WHAT THIS TASK INVOLVES:
Print exactly, and only, the lines from the one that has "2703 Gaither St, Temple Hills, MD 20748 - #2" through the end of the material below, with both ends included and the pictures omitted.
*-*-*
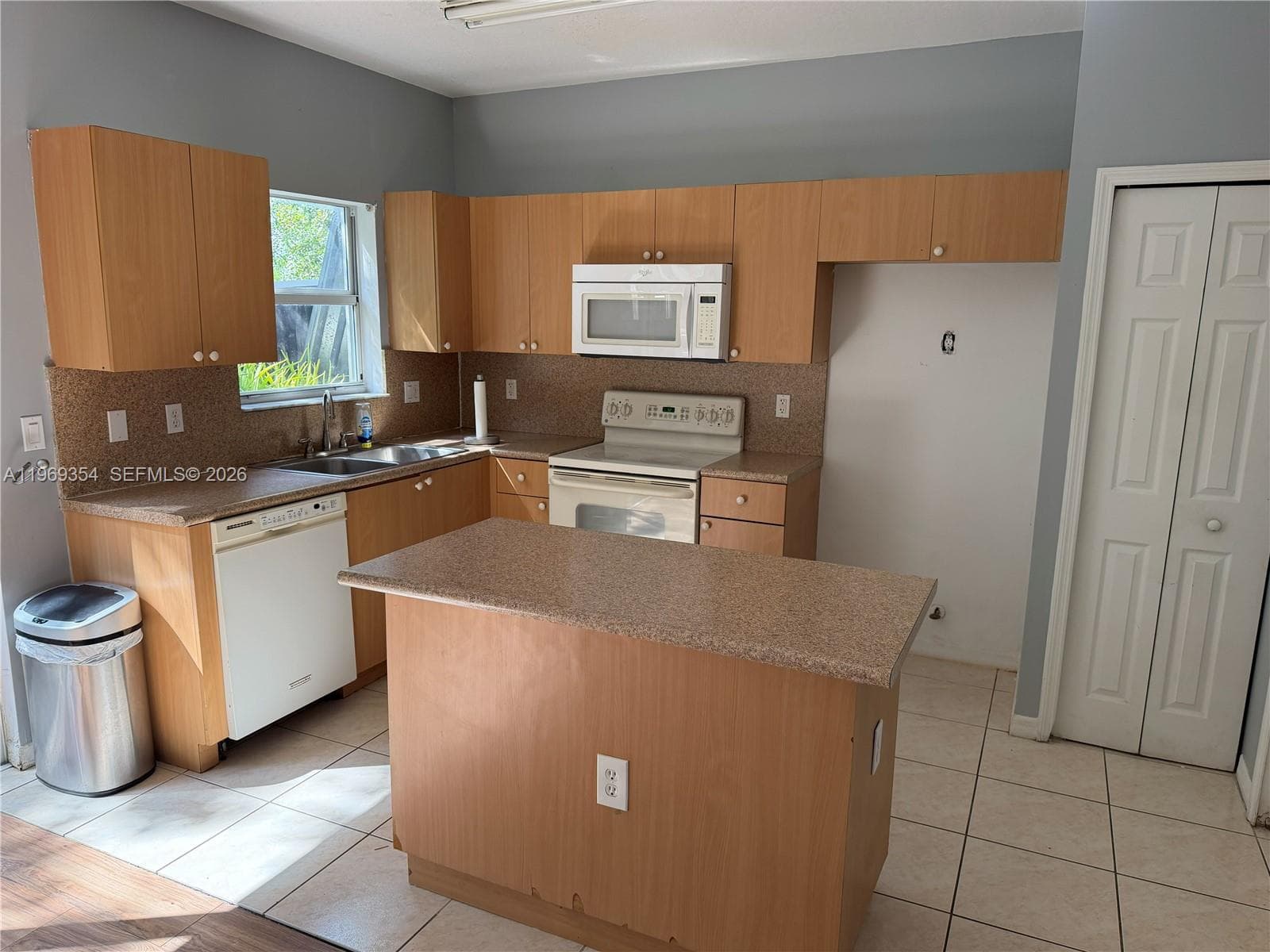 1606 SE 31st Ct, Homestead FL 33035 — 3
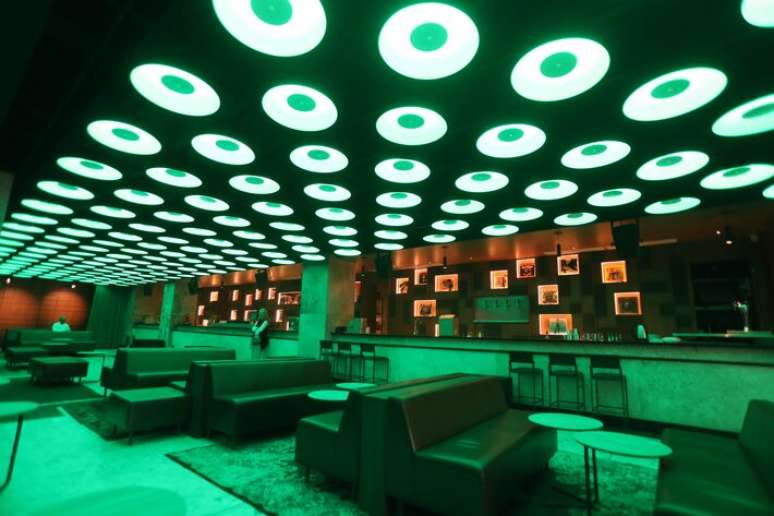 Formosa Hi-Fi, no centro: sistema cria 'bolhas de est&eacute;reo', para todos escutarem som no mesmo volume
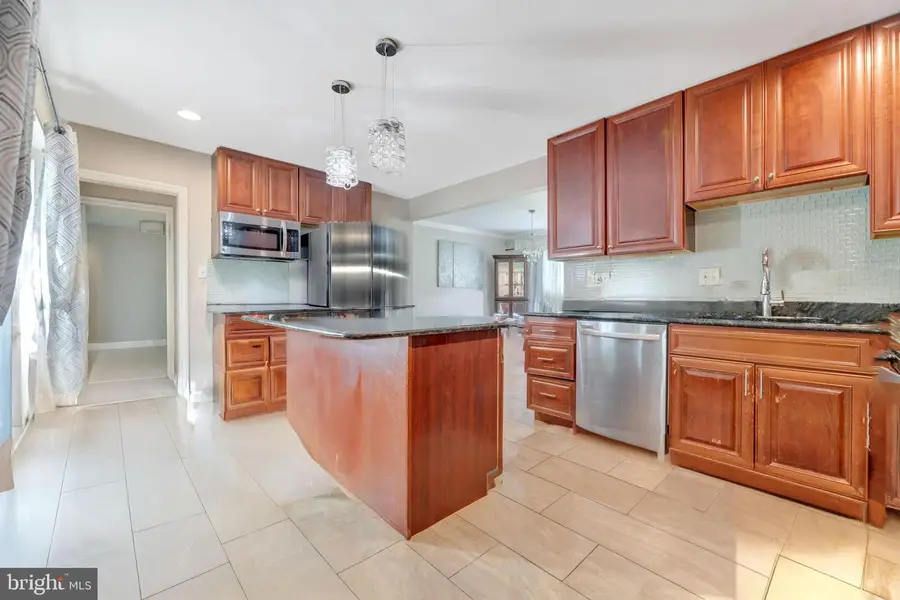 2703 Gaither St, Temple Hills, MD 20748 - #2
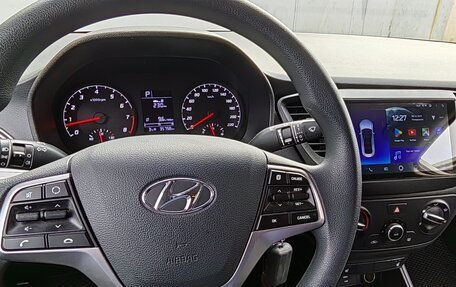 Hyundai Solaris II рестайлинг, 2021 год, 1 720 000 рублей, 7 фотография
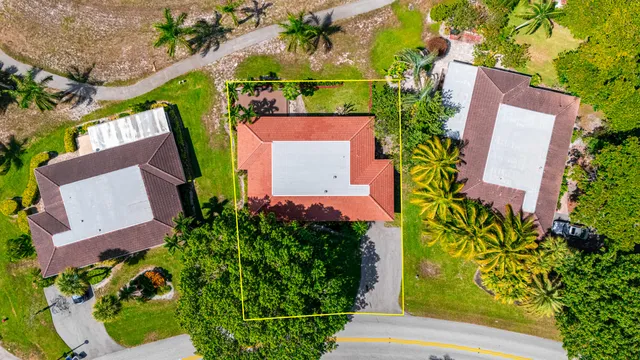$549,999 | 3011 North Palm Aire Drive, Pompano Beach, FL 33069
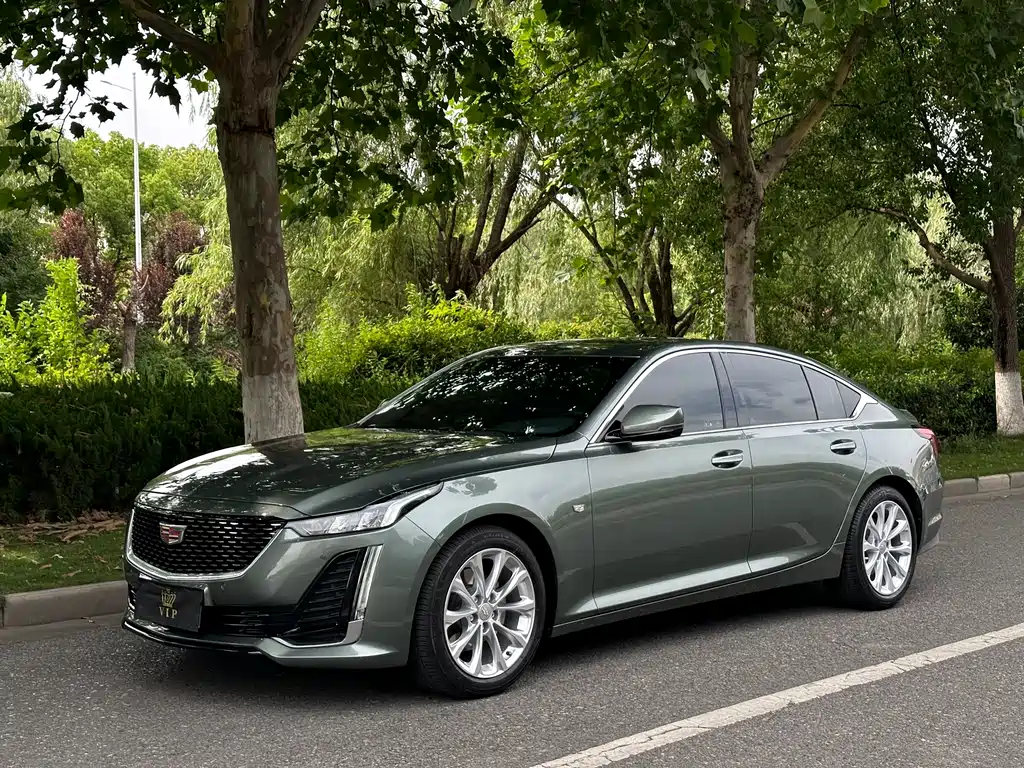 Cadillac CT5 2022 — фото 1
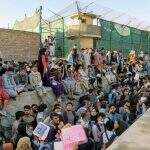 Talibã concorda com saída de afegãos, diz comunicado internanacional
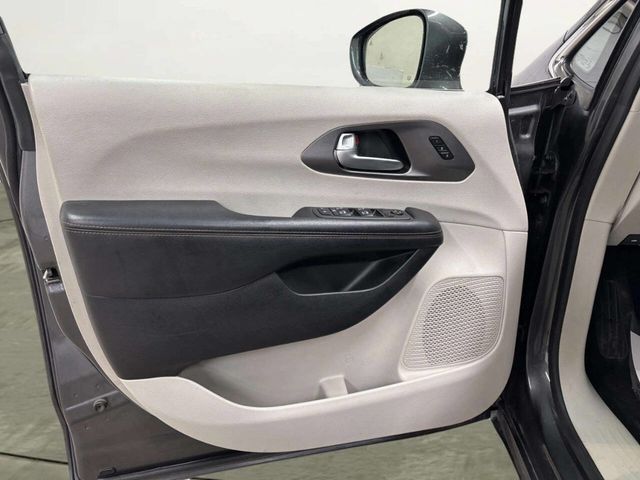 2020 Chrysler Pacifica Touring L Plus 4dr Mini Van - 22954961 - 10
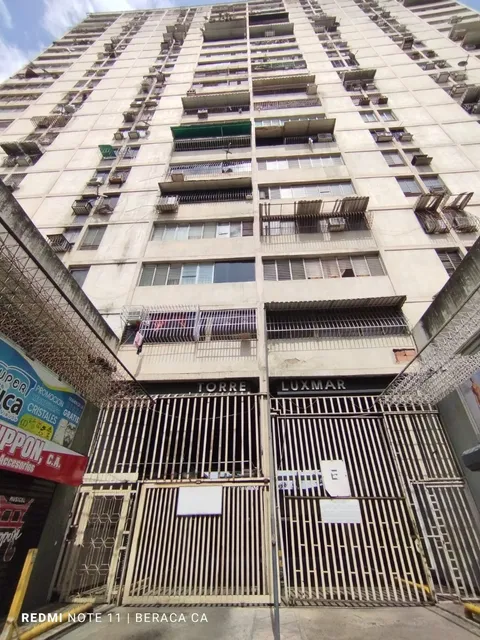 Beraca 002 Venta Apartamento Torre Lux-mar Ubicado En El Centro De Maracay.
*-*-*
RESPONSE BOX:
 2703 Gaither St, Temple Hills, MD 20748 - #2
 Hyundai Solaris II рестайлинг, 2021 год, 1 720 000 рублей, 7 фотография
$549,999 | 3011 North Palm Aire Drive, Pompano Beach, FL 33069
 Cadillac CT5 2022 — фото 1
 Talibã concorda com saída de afegãos, diz comunicado internanacional
 2020 Chrysler Pacifica Touring L Plus 4dr Mini Van - 22954961 - 10
 Beraca 002 Venta Apartamento Torre Lux-mar Ubicado En El Centro De Maracay.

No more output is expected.